» **Exercise goal**
Transcribe the records below from the first line to the line that includes "Slide of NW Window & Gutter", inclusive, and omit the pictures.

» **Supplied records**
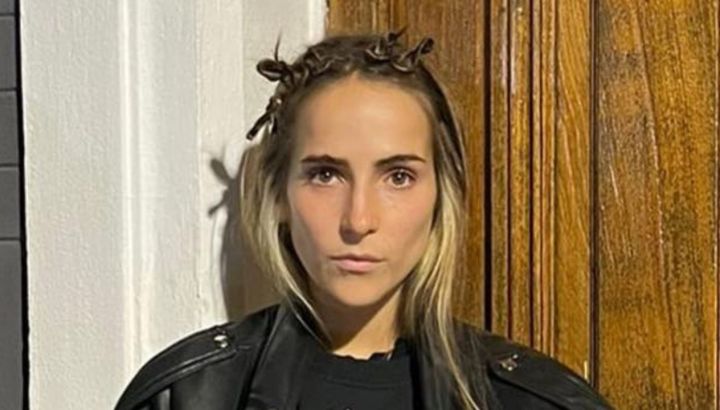 Olvida el gorro de lana: Ámbar de Benedictis impone la capucha balaclava, la tendencia que dominará el invierno 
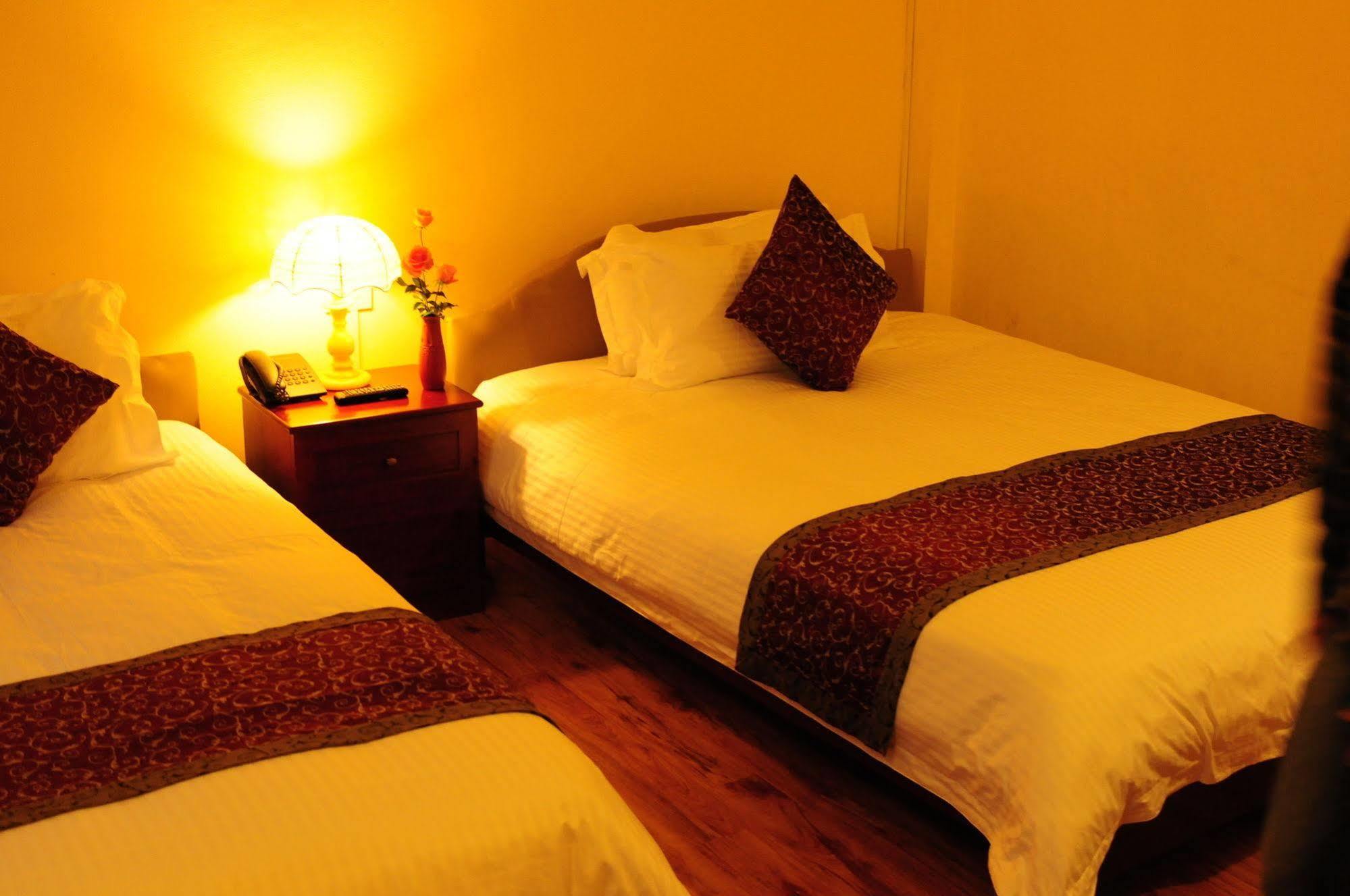 Hotel Legend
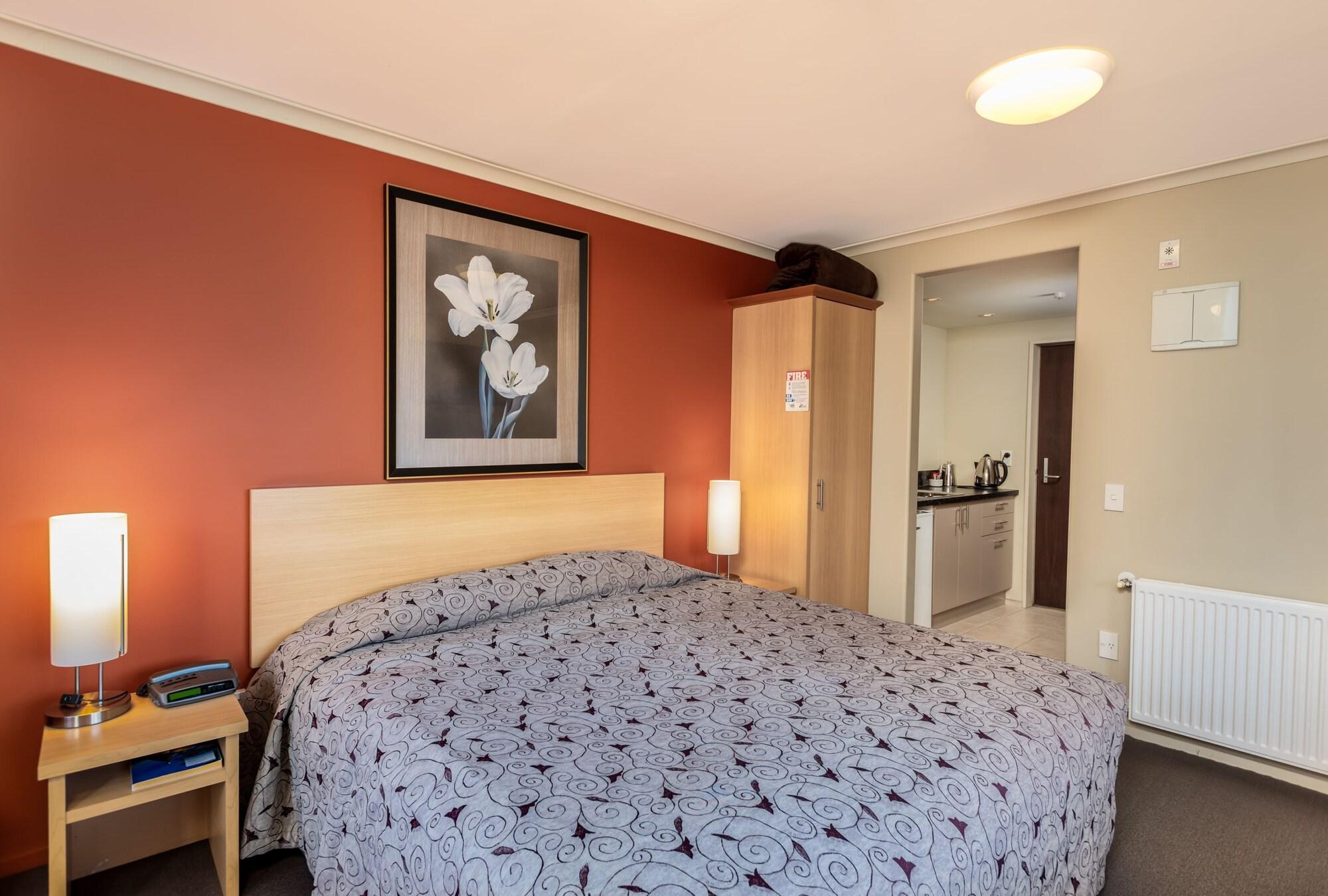Queenstown Motel Apartments (Adults Only) מראה חיצוני תמונה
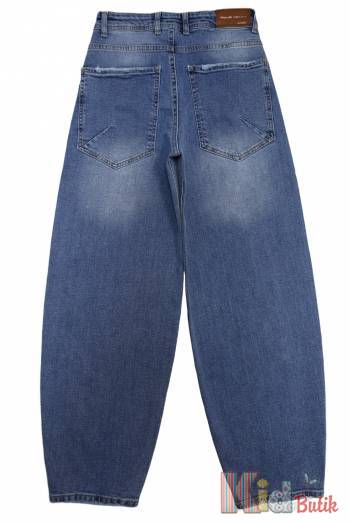Купить Джинсы бананы широкие светло-синие для мальчика A-yugi Jeans Аю25-11(5467) на КидБутик Джинсы бананы широкие светло-синие для мальчика A-yugi Jeans Аю25-11(5467)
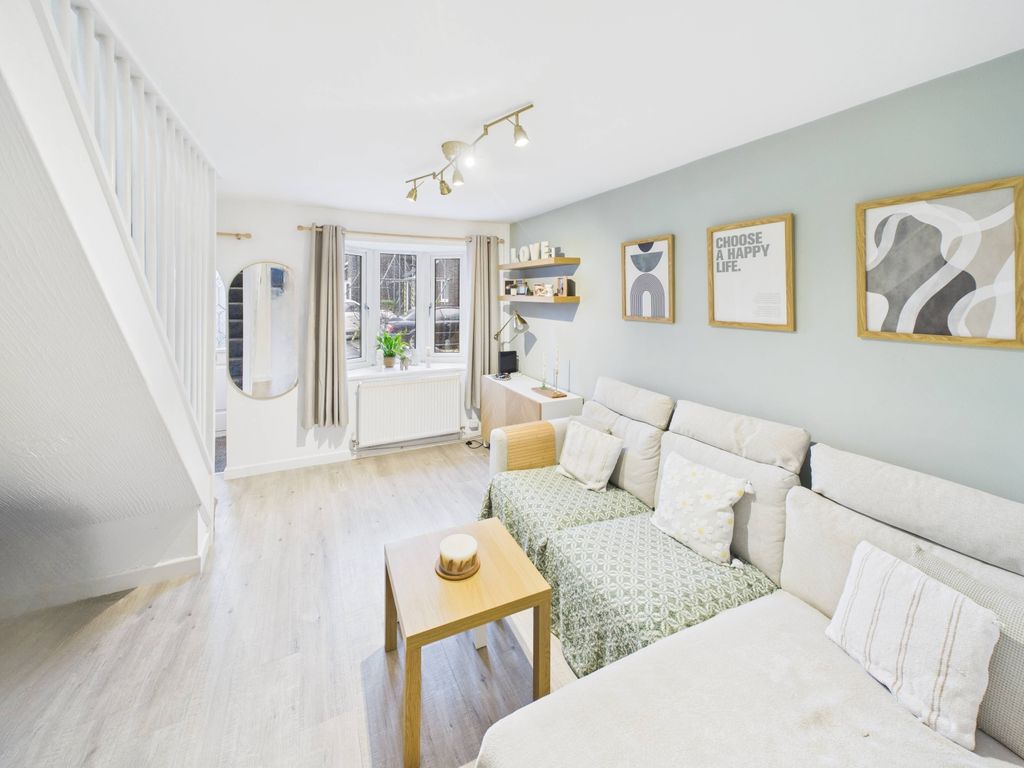 Property photo 2 of 12 Cam02093G0-Pr0062-Still003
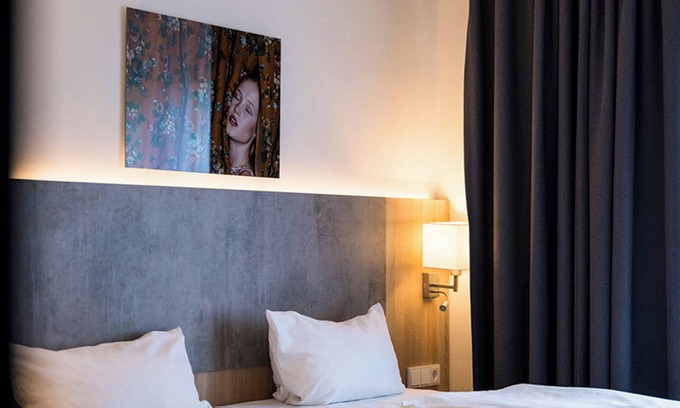 Loerrach Apartment | Comfort Doppelzimmer mit Dusche und WC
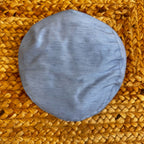 Cappellino in shantung azzurro per battesimo e cerimonia neonati, vista frontale.
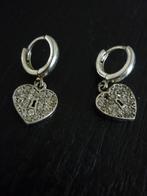 Oorringen met hartjes / Oorbellen zilver / oorbelletjes, Ophalen of Verzenden, Zilver, Overige materialen, Hangers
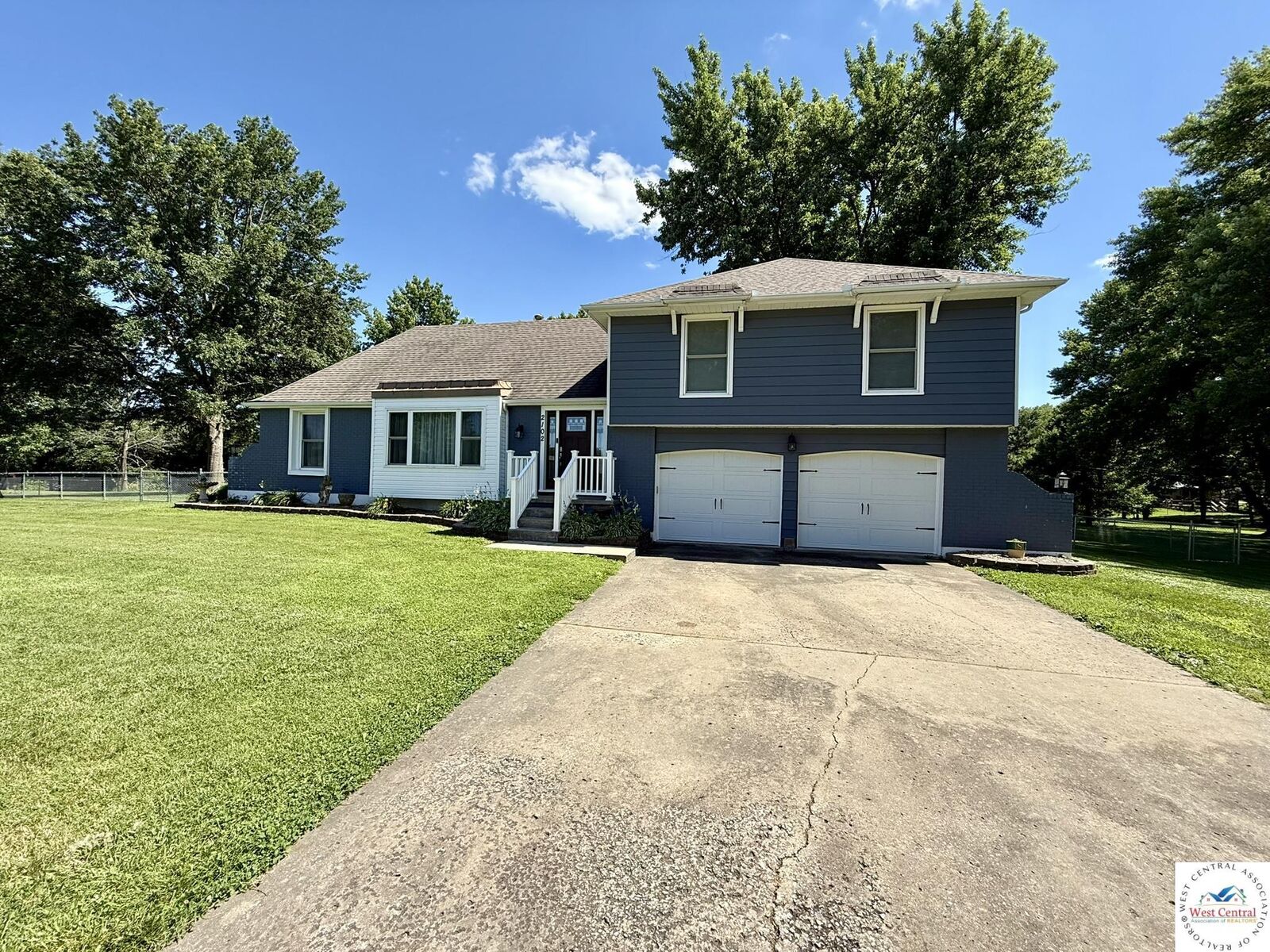 Property Photo:  2102 Arcadia  MO 64735 
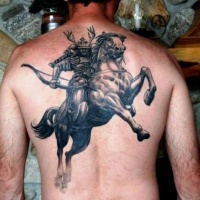 splendido samurai sopracavallo tatuaggio sulla schiena per uomo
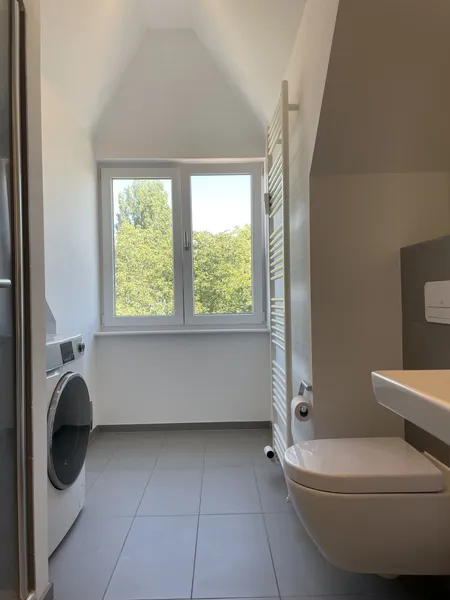 Modernisiertes Dachgeschoss mit Einbauküche — photo 1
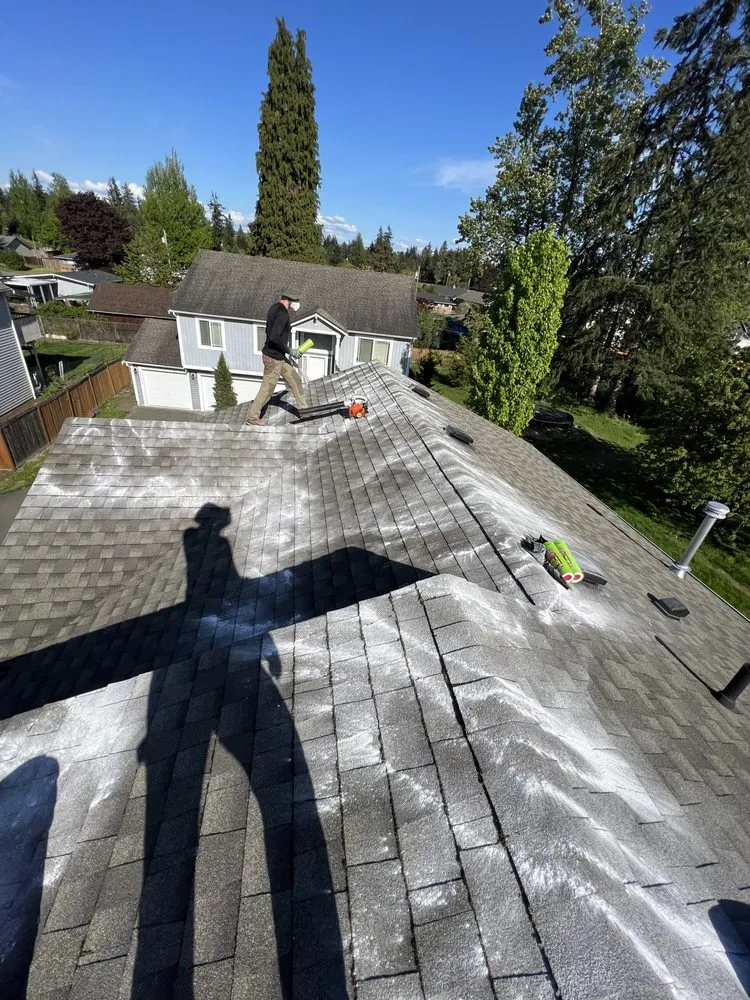 Slide of NW Window & Gutter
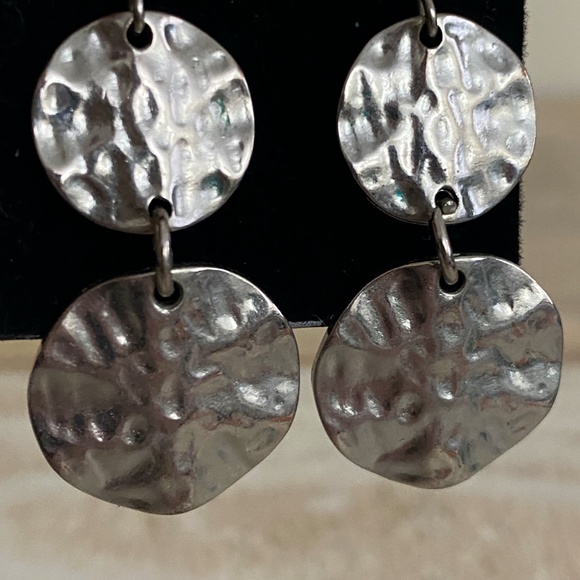 Silver Tone Hammered Design Dangle Double Disk Pierced Earrings. - Picture 2 of 5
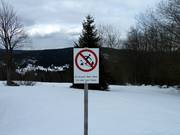 Cartello informativo per la protezione del bosco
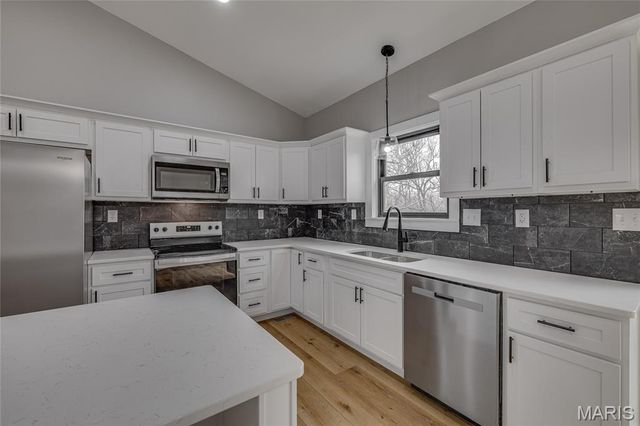 1774 Stoney Point Road, Bonne Terre, MO 63628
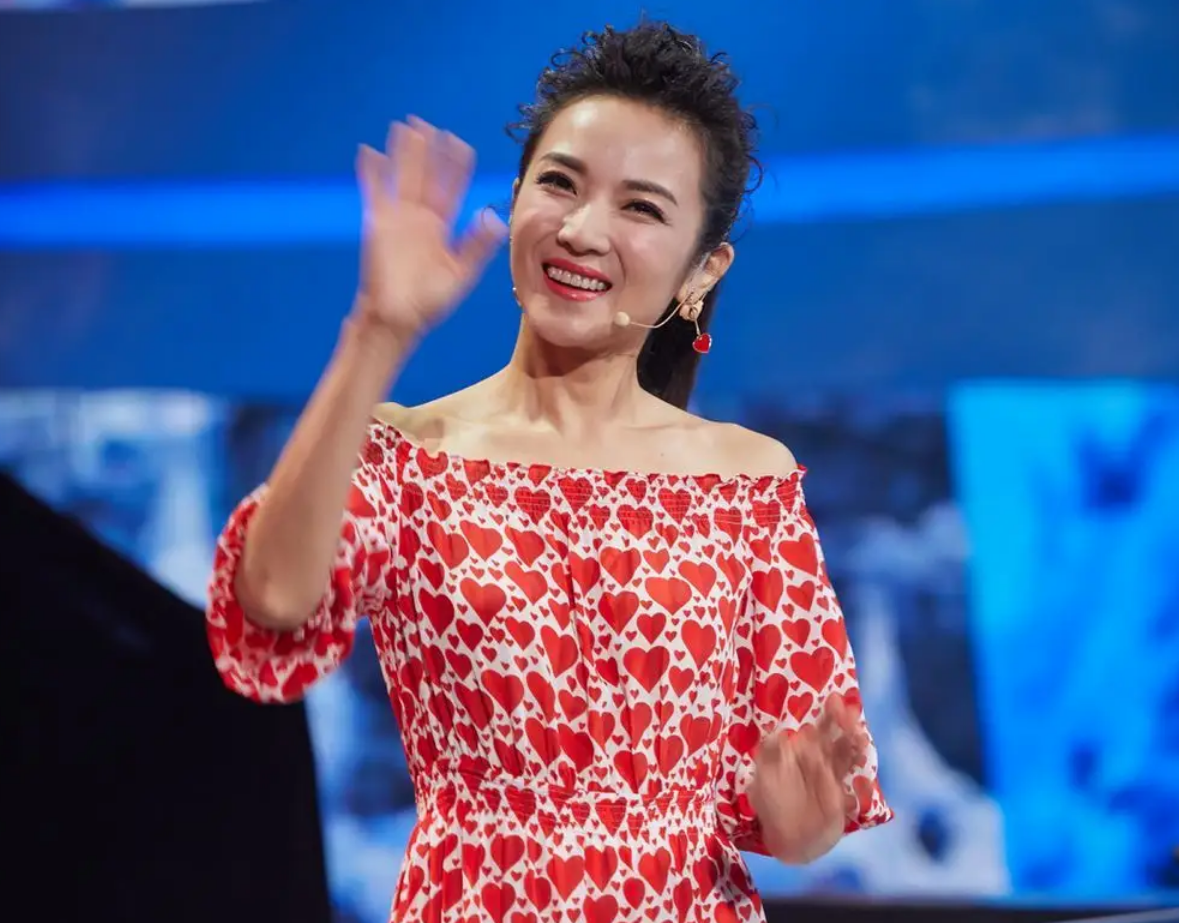 管彤：26岁进央视，41岁结婚，42岁当高龄产妇，今51岁被宠成公主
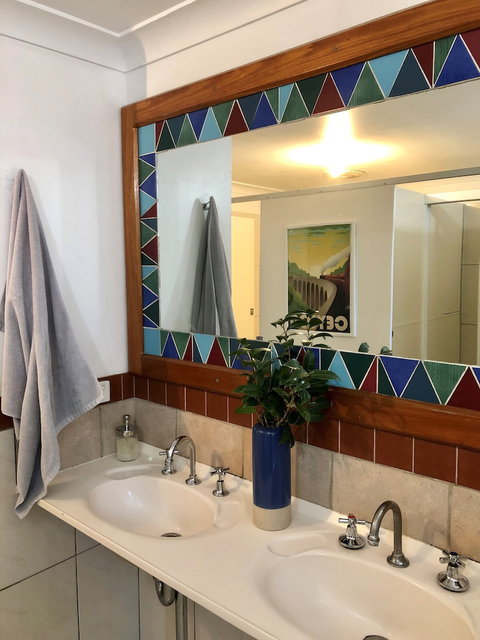 The Belfry Guesthouse - Holiday Sunshine Coast 6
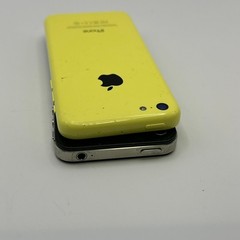 Lot Of 2 Apple iPhones – A1387 & A1532 – A19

» **Answer area**
 Olvida el gorro de lana: Ámbar de Benedictis impone la capucha balaclava, la tendencia que dominará el invierno 
 Hotel Legend
Queenstown Motel Apartments (Adults Only) מראה חיצוני תמונה
Купить Джинсы бананы широкие светло-синие для мальчика A-yugi Jeans Аю25-11(5467) на КидБутик Джинсы бананы широкие светло-синие для мальчика A-yugi Jeans Аю25-11(5467)
 Property photo 2 of 12 Cam02093G0-Pr0062-Still003
 Loerrach Apartment | Comfort Doppelzimmer mit Dusche und WC
 Cappellino in shantung azzurro per battesimo e cerimonia neonati, vista frontale.
 Oorringen met hartjes / Oorbellen zilver / oorbelletjes, Ophalen of Verzenden, Zilver, Overige materialen, Hangers
 Property Photo:  2102 Arcadia  MO 64735 
 splendido samurai sopracavallo tatuaggio sulla schiena per uomo
 Modernisiertes Dachgeschoss mit Einbauküche — photo 1
 Slide of NW Window & Gutter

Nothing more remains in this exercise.